LA MEJOR RELACIÓN CON UN HOMBRE
ES LA INEXISTENTE
ANA SHARIFE
Como siempre he tenido tendencias autodestructivas, un buen día decidí no volver a salir con hombres. Ahora las fiestas más hermosas, salvajes y descontroladas ocurren en mi interior.
No pierdo el tiempo, no crean. Me dedico a hablar durante horas por teléfono con mis amigas sobre nada importante (es lo mejor), he vuelto al piano y he ingresado en una plataforma feminista, como la que se mete en un convento. Mientras allí se abordan temas de enorme interés sobre la lucha de la mujer, por muy descabellado que parezca, yo asisto como quien se da una vuelta por el parque. Me detengo a observar los pájaros por la ventana, la forma de las nubes y teorizo sobre lo efímero.
En mi delirio he
desarrollado incluso una siniestra obsesión: preguntar en entierros y misas si
el difunto se despidió. “¿Le dio algún consejo antes de morir?, ¿qué palabras
pronunció?”. Con honestidad. Siempre he pensado que en esa última conversación
se encuentra el secreto de la existencia misma y, por alguna extraña razón, las
palabras de todos los muertos a lo que no he conocido me están alumbrando en mi
entropía sentimental.
Hay algunas noches
en las que estoy acostada en la oscuridad de mi cuarto contemplando las luces de
los barcos y empiezo a mortificarme, tratando de completar las piezas de un
puzle que no encaja. Mi capacidad para sabotear mis horas de sosiego es
antológica. Luego me dice mi madre que vaya ojeras.
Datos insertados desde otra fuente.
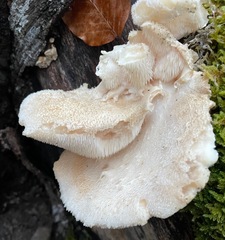 Hericium cirrhatum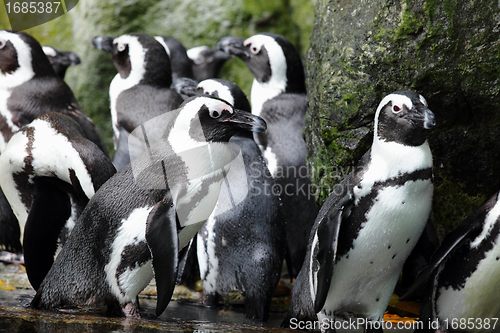 Image of penguins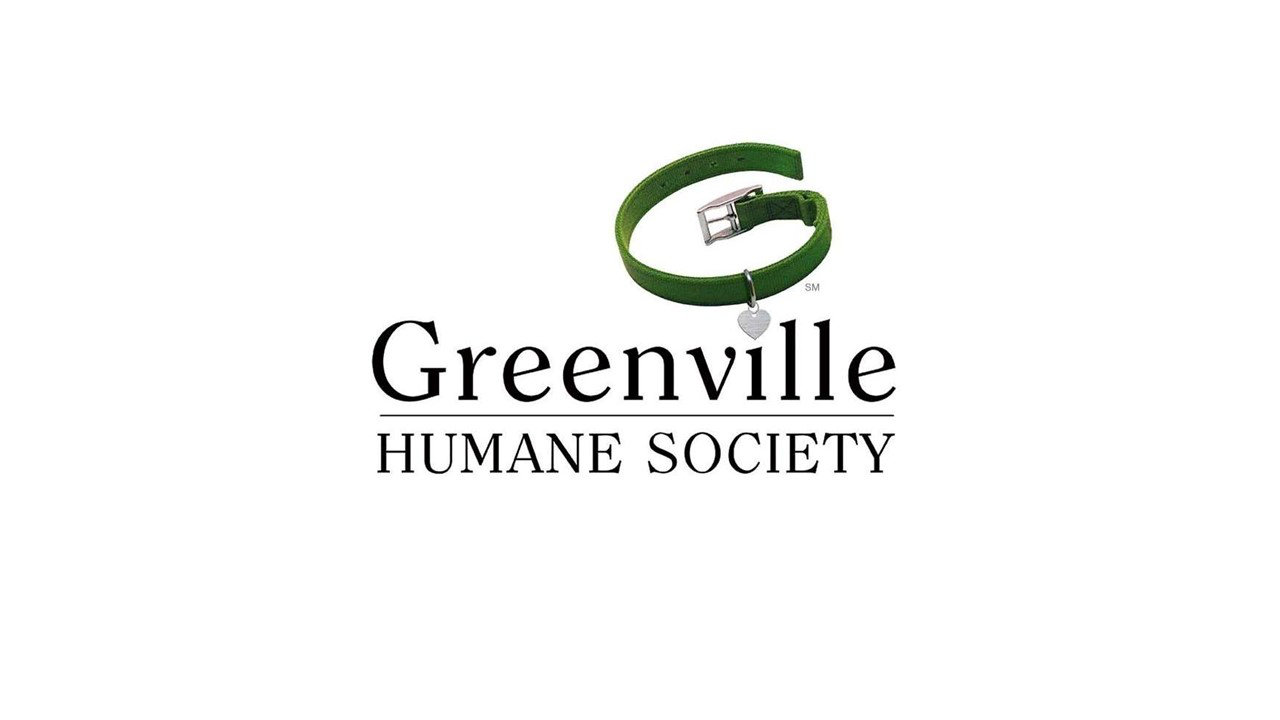 Organization's Logo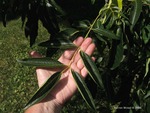 <em>Phellodendron amurense</em> Leaf by Julia Fitzpatrick-Cooper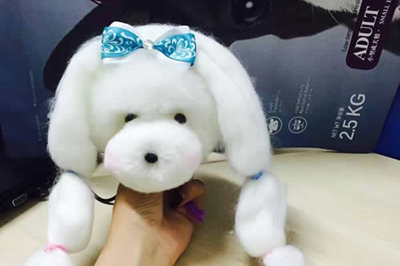 狗狗良好的情操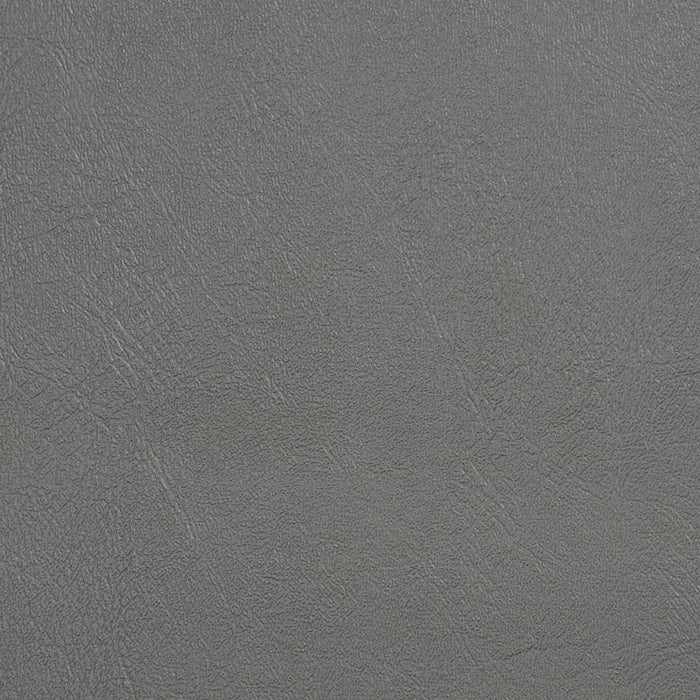 Charlotte Graphite Fabric V123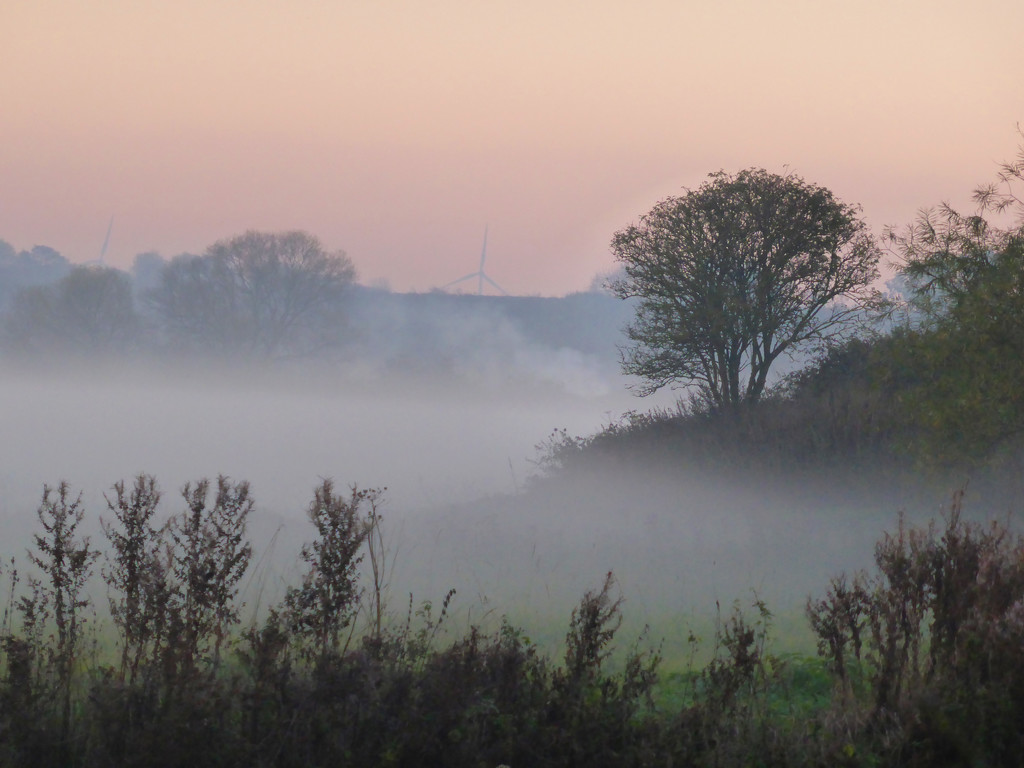 Mist over the Great Ouse  by helenhall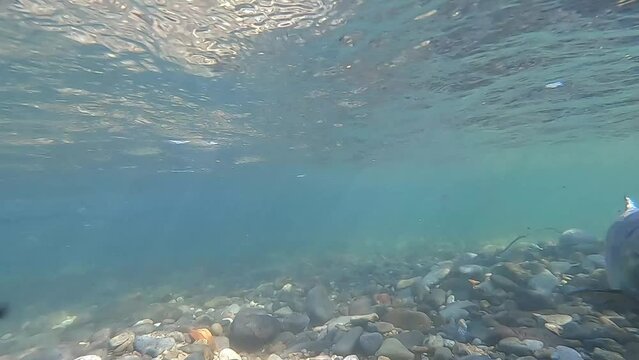 Underwater photography of chum salmon running upstream in the Churui River, Shibetsu Town, Hokkaido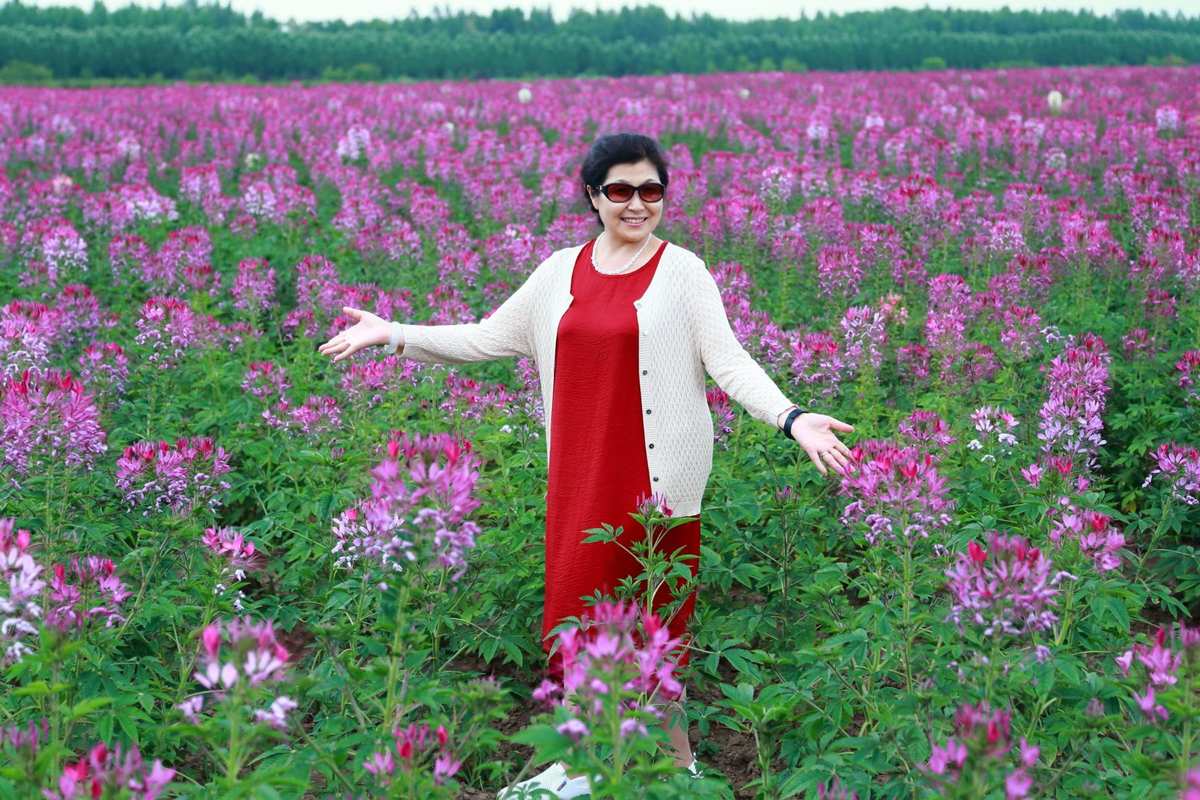 倚梅园中甄嬛说了什么_倚梅园是什么意思_倚梅园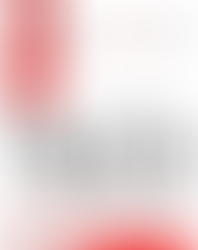 Success is Mindset so Start with "No"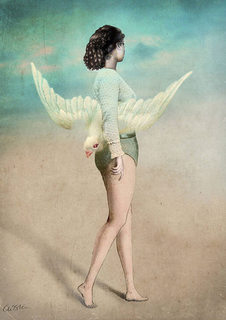 Большой постер на стену "Wings" 60х90 см без рамы Catrin Welz Stein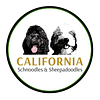 California Schnoodles and Sheepadoodles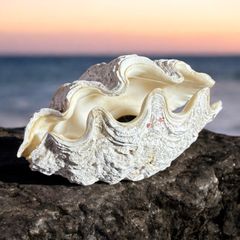 セール品　夜光貝　クモガイ　ヒメシャコガイ　セット　インテリア　飾り物　オブジェ 2025年最新】夜光貝オブジェ￼の人気アイテム - メルカリ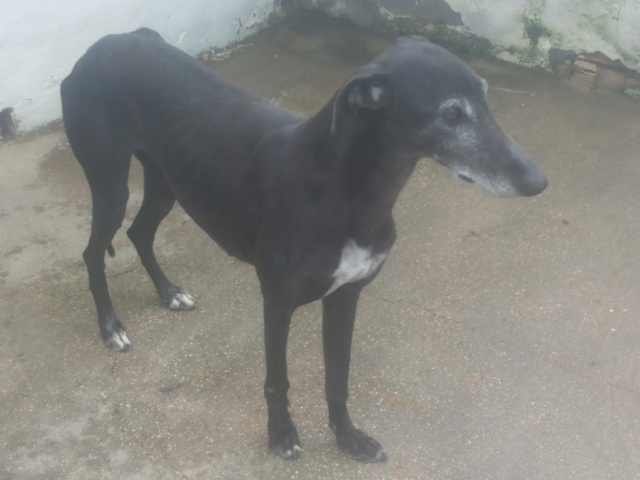 Mori galga à l'adoption Scooby FRANCE douce et sociable reservée Morie_11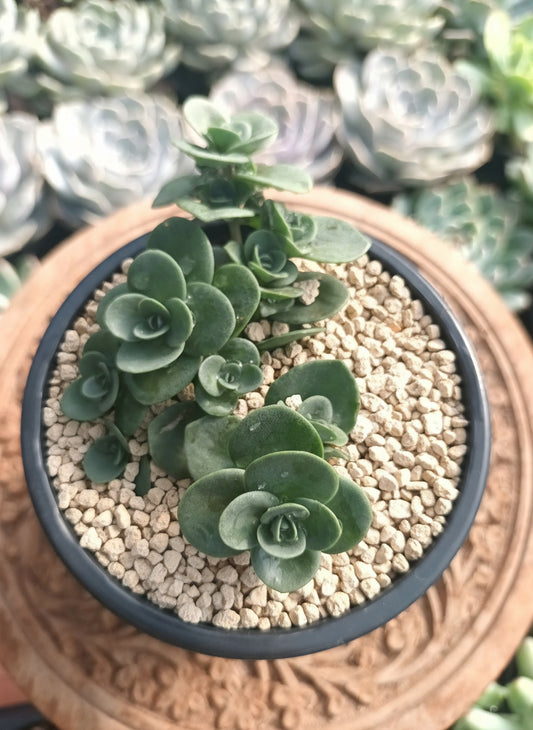 Sedum spp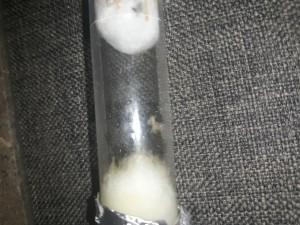 20200815_235524.jpg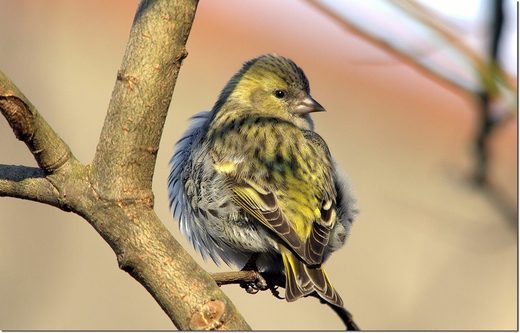 Click to enlarge Siskin the bird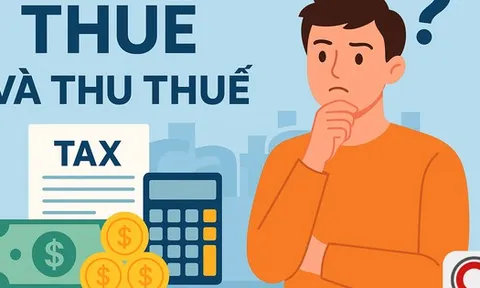 Hộ kinh doanh bị truy thu hơn 1 tỷ đồng tiền thuế khi bán cơm online từ năm 2018: Đại diện Thuế Hải Phòng nói gì?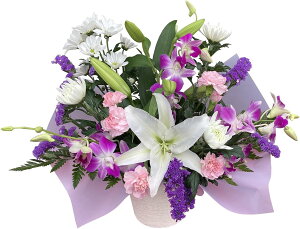 yGg[P10{2020-272z17Y    @v  AWg     蕨  l\  @ ip ~ V~ ~ 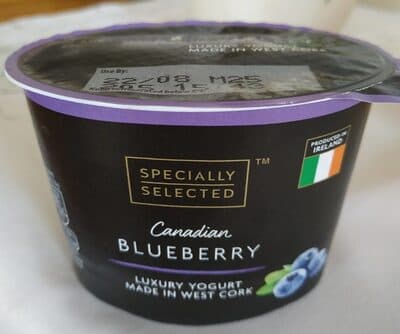 Canadian Blueberry - Luxury Yogurt Made in West Cork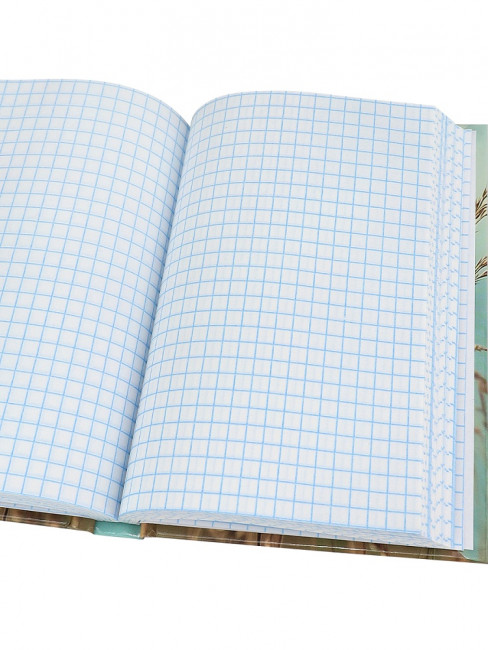 Записная книжка А6 160л клетка "Aesthetics-1", 7БЦ, склейка, Проф-Пресс/ЗК160-0084 (14)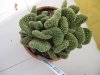 Opuntia Microdasys crestata.jpg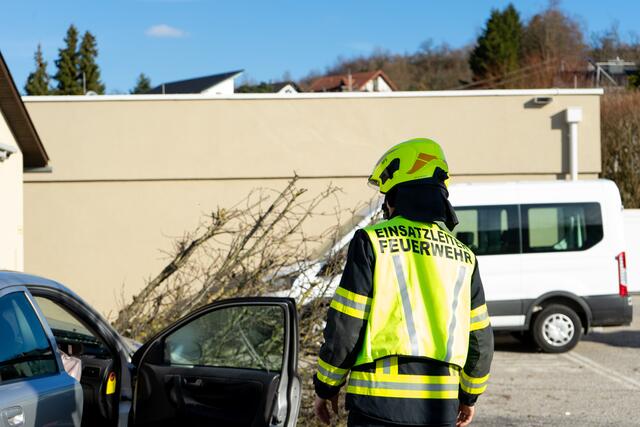 Foto: TEAM FOTOKERSCHI.AT / AMATO GABRIEL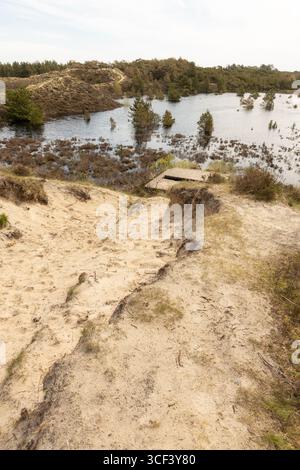 Vista di una radura e di un ormeggio nella zona forestale dell'isola di Römo, Danimarca Foto Stock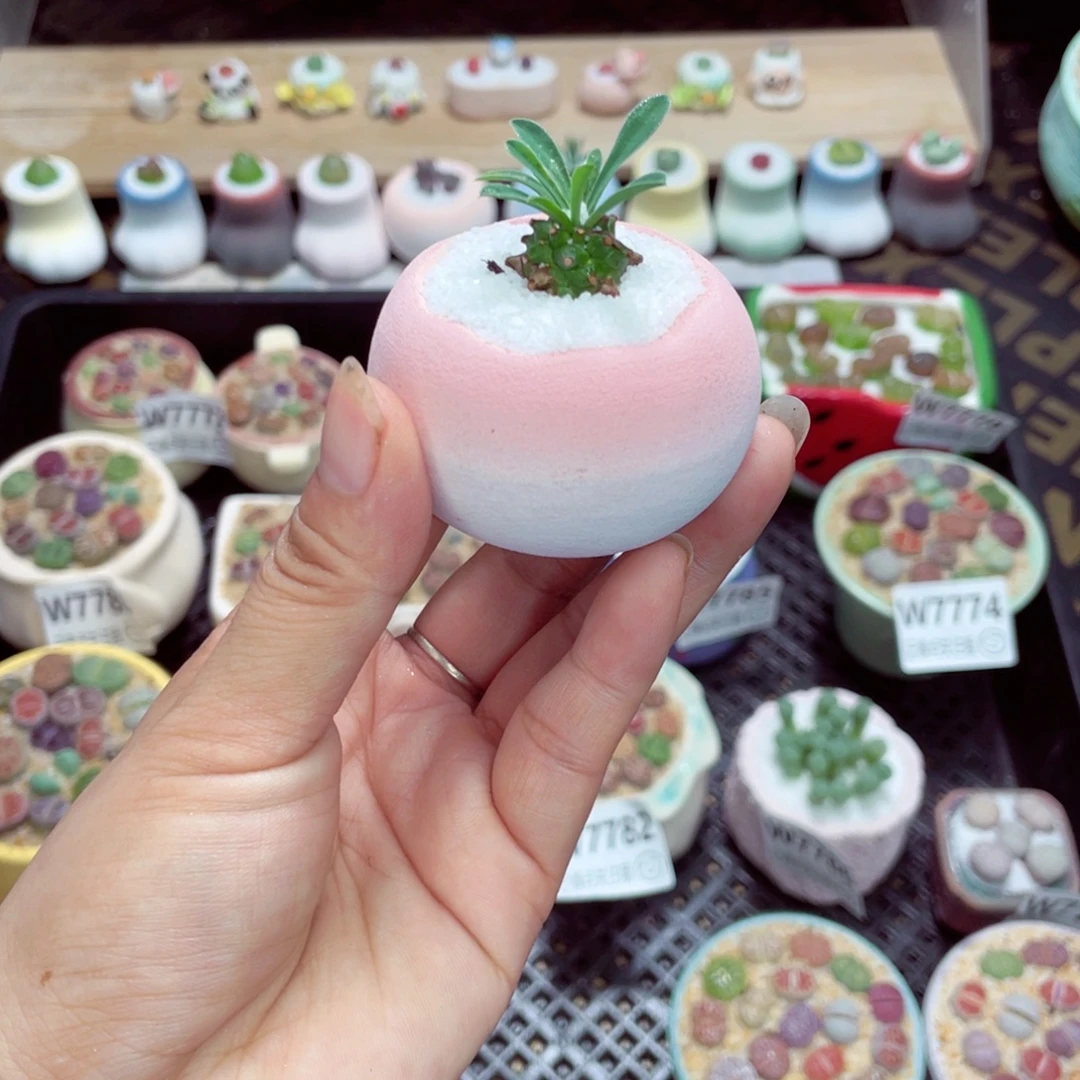 w7791 带盆土发货一物一拍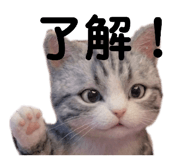 839898150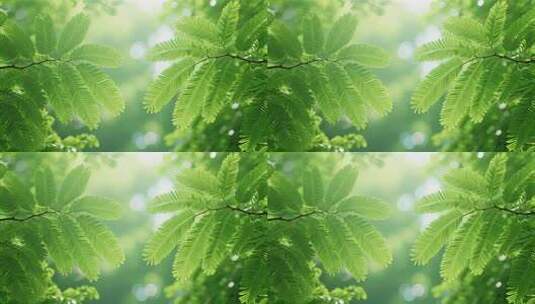 绿叶树叶阳光清新自然背景植物生态高清在线视频素材下载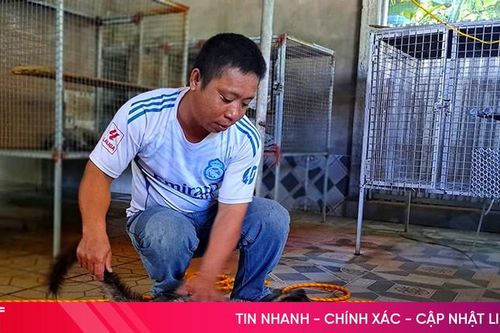 Nuôi con 'đặc sản', nông dân thu lãi cả trăm triệu đồng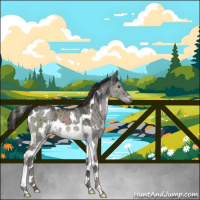 Horse Color:Gray Platinum White Spotted Liver Red Dun Ice Tobiano Brindle 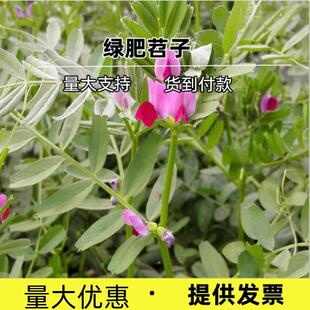 绿肥种籽毛叶苕子种长柔毛野豌豆种子果园光叶紫花苕养蜂蜜源草种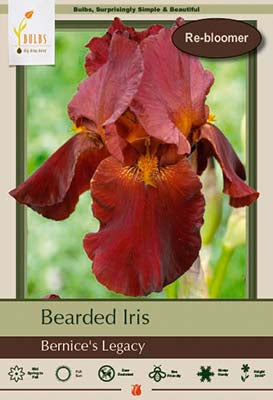 Iris germanica 'Bernice's Legacy'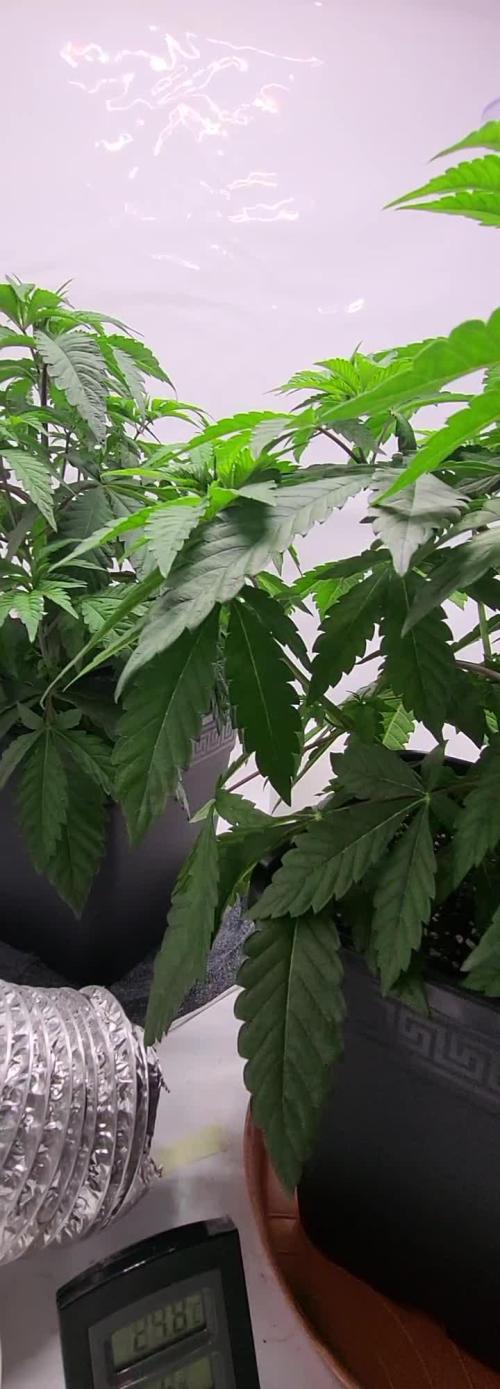 Sherbzooka (Wizard Trees) - cultivated by KEVS BEST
Puedo estar todo el día
pensando en las mayores estupideces, pero es llegar la noche y empezar a
atormentarme, y así, como un sabueso experto en drogas, voy descubriendo dónde
están las trampas y mentiras, hasta llegar siempre exhausta a la misma
conclusión: la mejor relación con un hombre es la inexistente.
A veces dudo, pero
entonces llamo a una amiga para hablar de nada importante y se me quita.